MY EMOTIONAL TOOLBOX

When I feel….                I do this….

Stressed/Anxious          Take a brisk walk or practice yoga

Angry                           Vent to a trusted friend or discuss in counseling

Depressed/sad              Pray, meditate, read scripture or inspirational book

Exhausted                     Soak in the bathtub, light candles, listen to relaxing music

Bored                           Engage in a hobby – it crafting, scrapbooking, puzzles, etc.

Lonely                          Call or text someone (think of a loved one who might also feel alone)

Overwhelmed               Write in a journal, read scripture or a spiritual book.

Excited/Happy              Treat yourself to some pampering – ie facial, manicure, etc.

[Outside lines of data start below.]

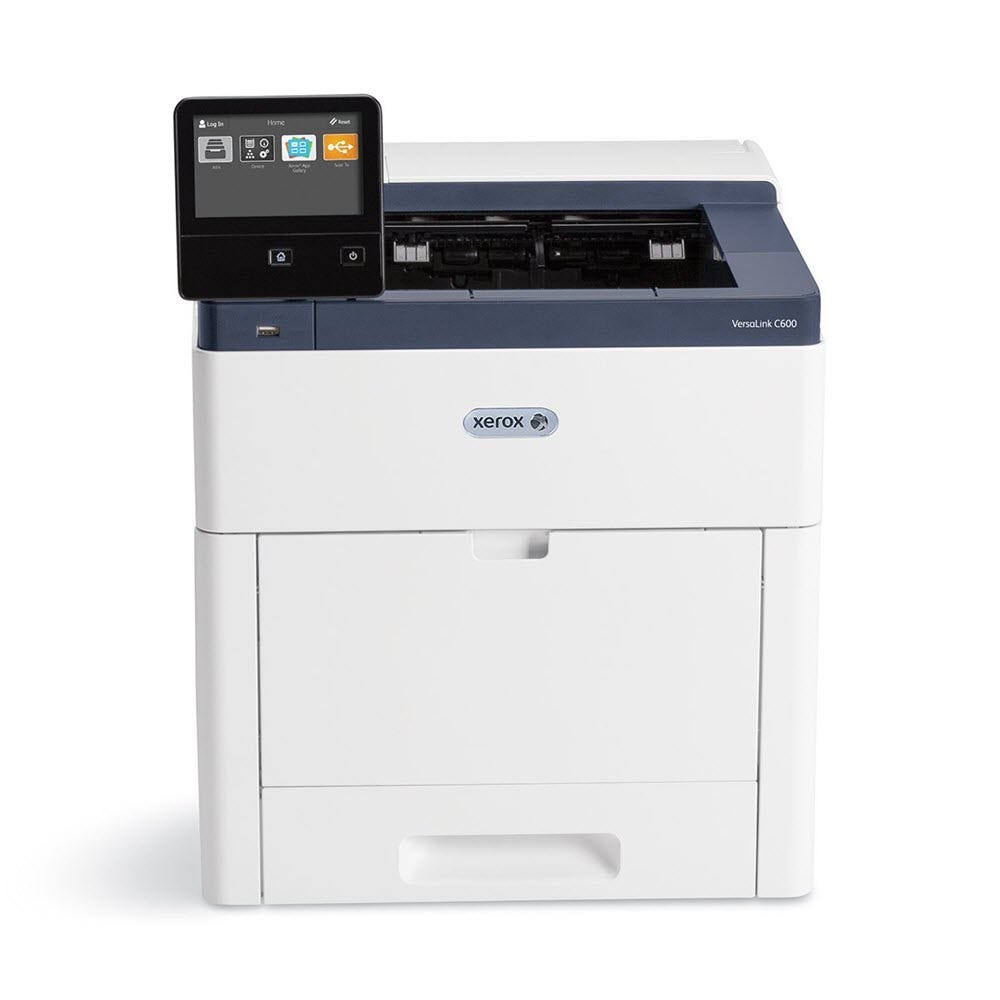 Xerox Versalink C600DX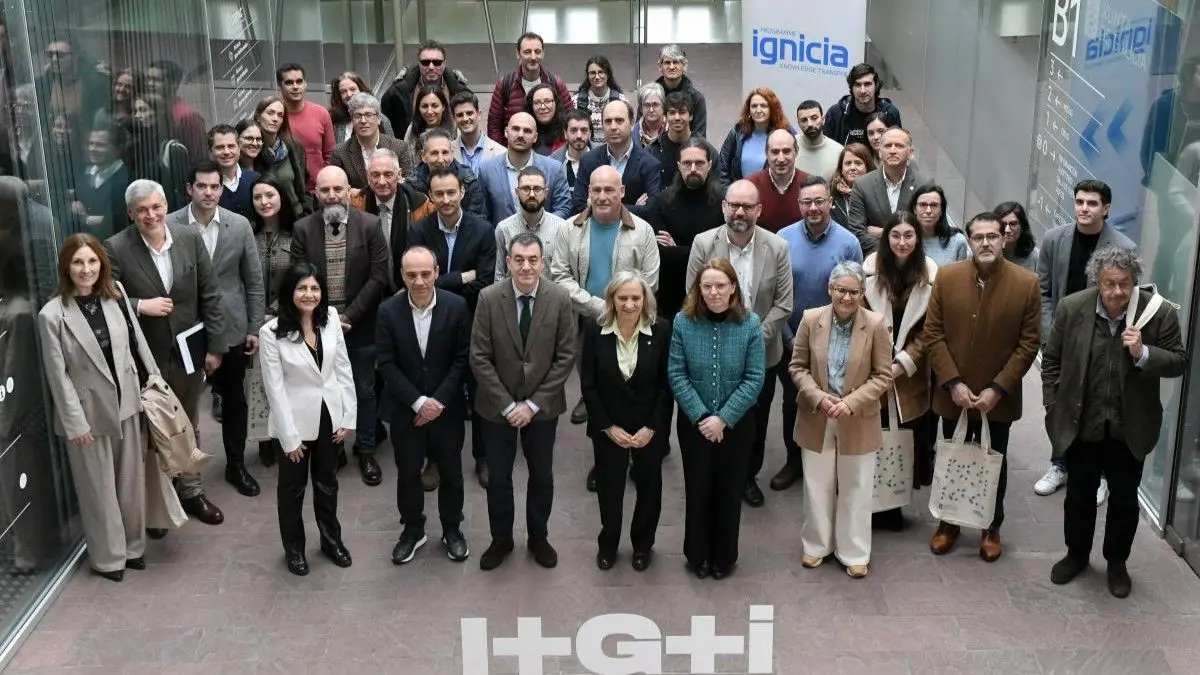 Programa Ignicia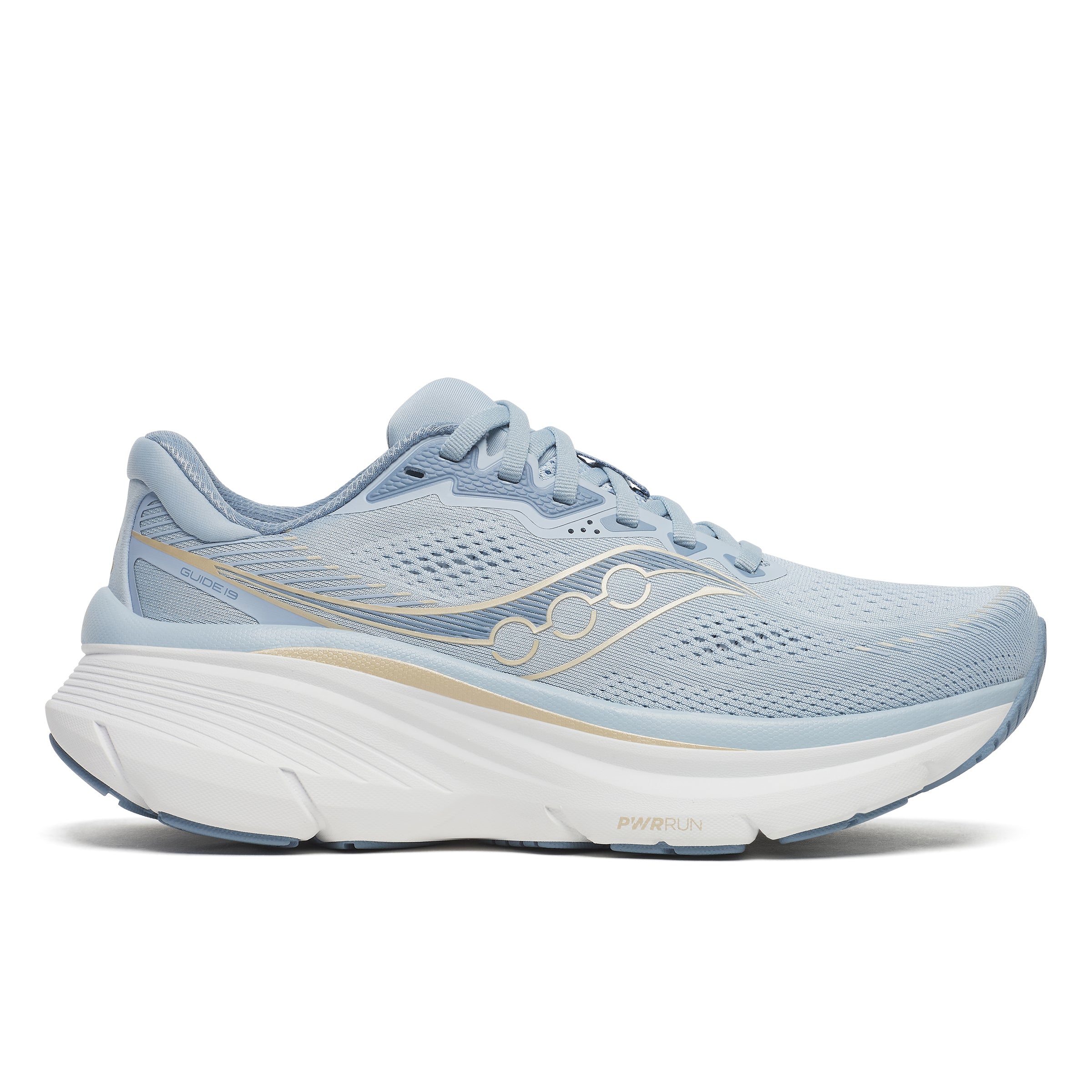 Saucony Guide 19 – Celestial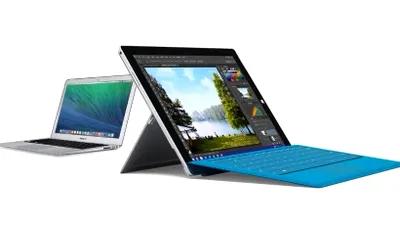 Microsoft ar putea lansa noi tablete Surface cu ecran mare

Develop the habit of self-care by incorporating it into other things you do daily. For instance, if you’re commuting to work daily, you could take that time to listen to a podcast, a favorite play list or an audio book.  Be mindful that this is YOUR time, so challenge the urge to make or take calls during this time.  If you work from home, put your self-care time on your schedule and tell your team and family of your intentions. For example, if you go to an exercise class on the same day each week, make sure that your time doesn’t get double-booked.  Again, if you don’t establish this boundary, it will become the norm in your life for your needs to remain unmet consistently.  In the beginning, it may feel uncomfortable and selfish to spend your time and effort on you instead of something else.  Be committed to the idea that your needs are important, your best self is crucial, and your wellness should be not only your priority but also to those who truly care about you.